Flag of Serbia and Montenegro  ,
Thursday, October 2, 2008

For my much-anticipated personal week I decided to head to the Balkans. From Italy, I took a ferry to Bar, Montenegro and then a bus a little up the coast to Kotor, where I stayed with a nice old lady whom I met at the bus station. Kotor is a scenic seaside resort at the base of a large fjord, however the tourist season had definitly passed and the town was pretty quiet. After a few days, I decided to go to Kosovo and left Kotor early in the morning in hopes of making it across the border to Peja. It wasn't meant to be though and after two four-hour bus rides and a five hour layover in Montenegro's charmless capital, I found myself stranded in the moutain town of Rozaje, and without the comforts of warm weather or the latin alphabet. So I got a (freezing cold) hotel room directly behind the bus station and the owner, Nuka, kindly treated me to a small dinner and a coffee at a nearby cafe.

I woke up early the next morning determined to make it to Pristina and was thus quite surprised when the bus station commander told me that there were no buses to any part of Kosovo until the next day. It took about a minute of emphatic gesturing before I was able to deduce that the buses were canceled because of a Ramadan holiday (Bajram, I later learned).

Instead of waiting another day in Rozaje I decided to take a bus into Serbia and try to get into Kosovo another way. In hindsight, this decision was stupid. I spent the next 13 hours on three separate buses touring Southern Serbia before arriving in Skopje, Macedonia, tired, hungry, and irritable. The good news, though, was that Skopje is only 90 km from Pristina, and I finally arrived the next day.

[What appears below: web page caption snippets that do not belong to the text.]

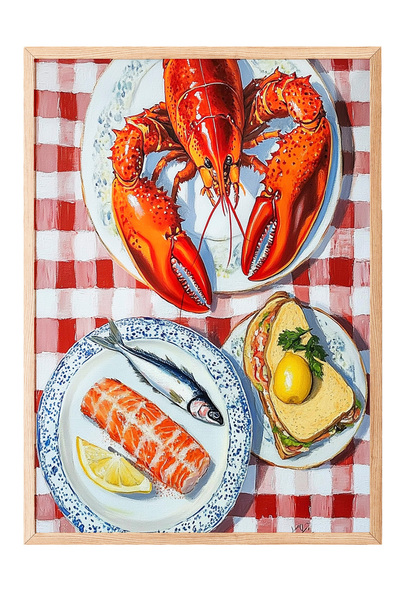 Zestia Tablou cu ramă din lemn, tablou cu homari roșii și fructe de mare, pos...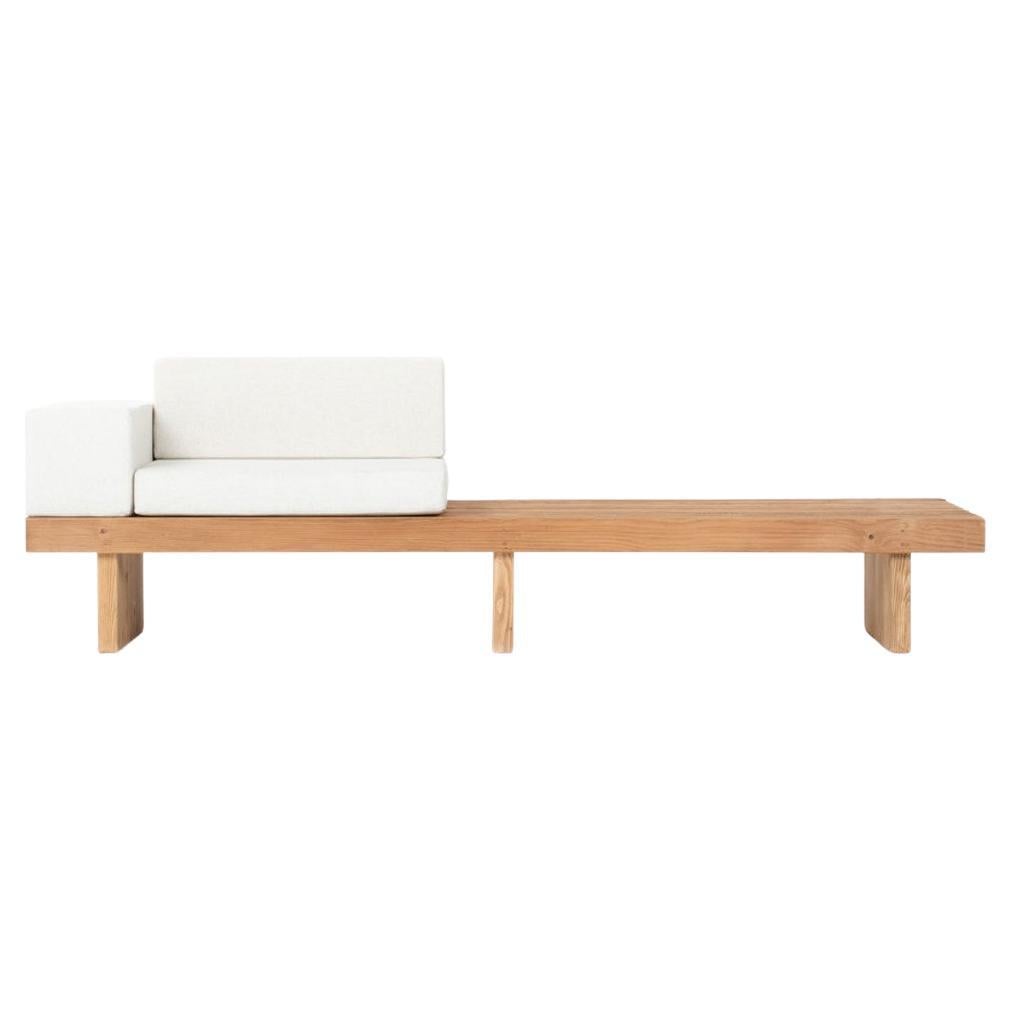 Bench aus Kiefernholz mit Kissen, 1950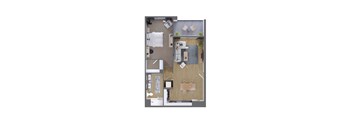 A floor plan of a small apartment with a kitchen, living room, and bathroom.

Pristina is a pretty small city and serves as the capital of Kosovo, the country which declared its independence from Serbia only in February and is recognized by just about 50 countries in the world (FYI... U.S., Albania, Turkey - YES. Serbia, Russia, www.travelpod.com - NO). I spent several days in Pristina and was able to visit two nearby towns as well. And altogether, I found Kosovo to be a fascinating place. The country felt like the center of intersecting religions, cultures, time periods... everything. There are UN and foreign military personnel who share the streets with german luxury cars, peasants with horse carts, and school children who would fit in at any American school. The cities also felt incredibly safe and comfortable to be in too. Even though the streets and sidewalks are terrible and there are abandoned houses all over the place, there were children everywhere (Kosovo supposedly has the youngest population in the world) and the people were friendly and spoke english rather well. And the food and coffee was amazing and incredibly cheap.

When my time came to an end I boarded another bus for Skopje, connected to Sofia where I spent one day (dreary, not too interesting), and then took the overnight train to Istanbul.